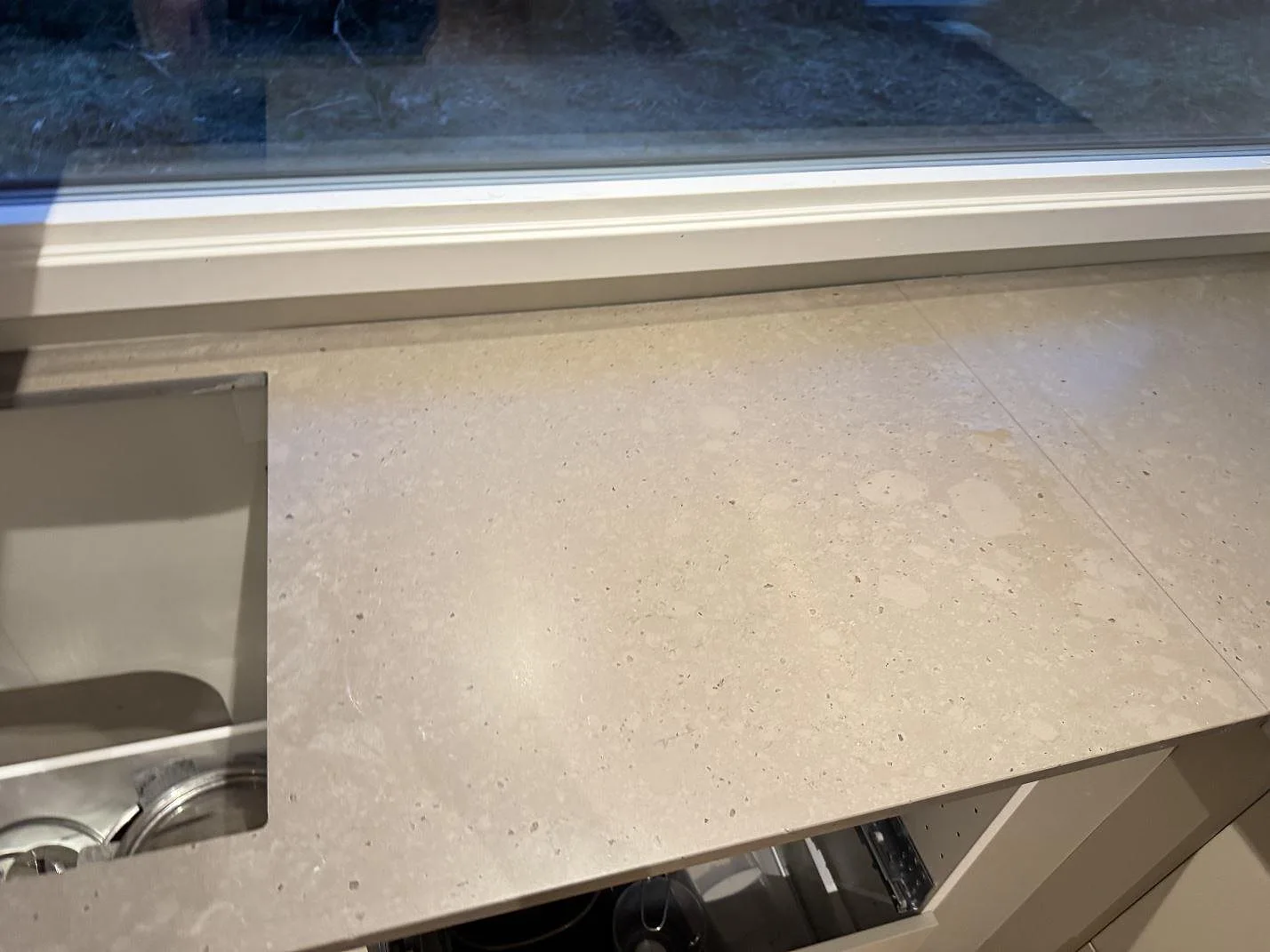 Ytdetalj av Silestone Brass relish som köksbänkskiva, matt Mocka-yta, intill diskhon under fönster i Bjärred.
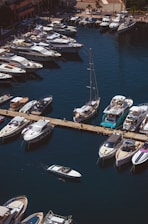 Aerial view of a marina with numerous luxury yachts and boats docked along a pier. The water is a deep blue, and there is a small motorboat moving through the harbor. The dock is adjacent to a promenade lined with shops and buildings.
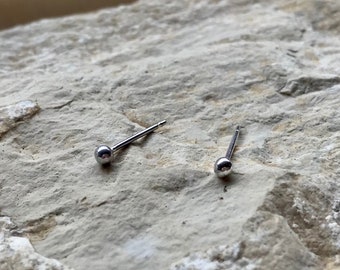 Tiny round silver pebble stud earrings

──────

◆ **PROBLEM**:
The expected output is the lines from the line that contains "Aerial view of" through the last line of the material, reproduced exactly, with both ends present and pictures absent.

◆ **SOLUTION BELOW**:
 Aerial view of a marina with numerous luxury yachts and boats docked along a pier. The water is a deep blue, and there is a small motorboat moving through the harbor. The dock is adjacent to a promenade lined with shops and buildings.
 Tiny round silver pebble stud earrings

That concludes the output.